Finally, the project folders available on the GVL are automatically backed up to the respective cloud provider’s object storage service. In the case of AWS, an S3 bucket is created for a GVL and any data uploaded or generated on the GVL is synchronized to that bucket using the same folder structure as what is created on the GVL. Just like the GVL, these backups work for AWS, OpenStack, and GCP clouds. The backups provide a new level of redundancy for the GVLs that minimize chances for data loss or corruption as well as enable service recovery in case the GVL servers are unexpectedly lost.
With the introduction of GVL projects in the previous release the vision for a hosted GVL that caters to different needs of users while minimizing infrastructure management overhead came one big step closer to reality. However, the initial implementation provided no isolation between projects for users - any user could access any project. For single-user Galaxy instances or private group instances this was not sufficient. While more work remains to ensure proper service isolation, an initial implementation is now available that restricts user access to projects. Managed through Keycloak roles, when a new project is created, a new GVL user is also created that is the sole user authorized to access the newly created projects. Additional users can be added by an admin via the Keycloak web console. When a user logs in, they now see only the projects that are available to them and can switch between them from the CloudMan console. However, it is also possible to easily collaborate between multiple projects that users have access to. Projects can share data between each other using the public shared folder, or by mounting the project’s data into another project, provided the user has permissions.

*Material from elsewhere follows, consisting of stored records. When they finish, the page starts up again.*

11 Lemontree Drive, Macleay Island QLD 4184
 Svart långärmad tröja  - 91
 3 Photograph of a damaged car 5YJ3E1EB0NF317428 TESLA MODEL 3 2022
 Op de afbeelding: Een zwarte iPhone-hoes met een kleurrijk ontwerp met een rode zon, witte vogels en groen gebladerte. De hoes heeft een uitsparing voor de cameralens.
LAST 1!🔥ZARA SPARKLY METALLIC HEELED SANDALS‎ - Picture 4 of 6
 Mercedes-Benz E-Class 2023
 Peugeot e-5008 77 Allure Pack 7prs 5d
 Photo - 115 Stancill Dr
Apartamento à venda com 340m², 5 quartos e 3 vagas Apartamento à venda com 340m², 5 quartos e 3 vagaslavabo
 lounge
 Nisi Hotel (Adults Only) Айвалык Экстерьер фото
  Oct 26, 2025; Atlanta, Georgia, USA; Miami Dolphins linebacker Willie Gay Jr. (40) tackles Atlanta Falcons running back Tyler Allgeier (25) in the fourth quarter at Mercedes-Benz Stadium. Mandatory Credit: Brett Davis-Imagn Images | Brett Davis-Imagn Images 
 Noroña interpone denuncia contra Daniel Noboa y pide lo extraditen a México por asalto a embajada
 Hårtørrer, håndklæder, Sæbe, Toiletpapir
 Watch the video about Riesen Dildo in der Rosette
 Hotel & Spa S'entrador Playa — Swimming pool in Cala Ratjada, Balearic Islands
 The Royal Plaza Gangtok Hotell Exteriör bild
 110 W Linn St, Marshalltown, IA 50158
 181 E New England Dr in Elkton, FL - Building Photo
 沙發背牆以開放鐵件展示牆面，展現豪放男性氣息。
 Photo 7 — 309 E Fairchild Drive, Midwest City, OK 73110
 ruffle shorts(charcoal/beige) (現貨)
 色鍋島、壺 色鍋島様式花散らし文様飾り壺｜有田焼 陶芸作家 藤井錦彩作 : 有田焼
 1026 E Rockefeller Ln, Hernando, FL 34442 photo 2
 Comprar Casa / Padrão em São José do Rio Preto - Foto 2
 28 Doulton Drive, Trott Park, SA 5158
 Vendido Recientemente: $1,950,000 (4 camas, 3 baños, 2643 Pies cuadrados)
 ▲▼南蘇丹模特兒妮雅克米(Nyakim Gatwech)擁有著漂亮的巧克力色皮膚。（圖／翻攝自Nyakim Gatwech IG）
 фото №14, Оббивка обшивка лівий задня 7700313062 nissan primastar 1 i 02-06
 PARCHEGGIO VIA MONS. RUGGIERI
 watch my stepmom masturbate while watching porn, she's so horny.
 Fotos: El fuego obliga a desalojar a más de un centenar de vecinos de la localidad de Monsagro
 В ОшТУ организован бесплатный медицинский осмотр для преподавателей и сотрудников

A new version of Galaxy was recently announced, release 20.05. This release brings an accelerated Galaxy startup and a complete rewrite of the workflow editor and run form that are noticeably snappier among many other user upgrades and developer improvements. The GVL beta4 has incorporated this release of Galaxy and any new GVL will automatically use Galaxy 20.05.
This new GVL release allows you to
- Provides a powerful data management interface through NextCloud - allowing you to upload data to the GVL, or use GVL data locally just as if it were a local folder
- Easily connect external storage including AWS S3 buckets, OpenStack buckets, FTP servers, or webdav folders
- Enforces project level isolation - users can only interact with projects they have been assigned to
- Share data between projects easily by mounting them through webdav or through public folders
- Updates Galaxy to the latest release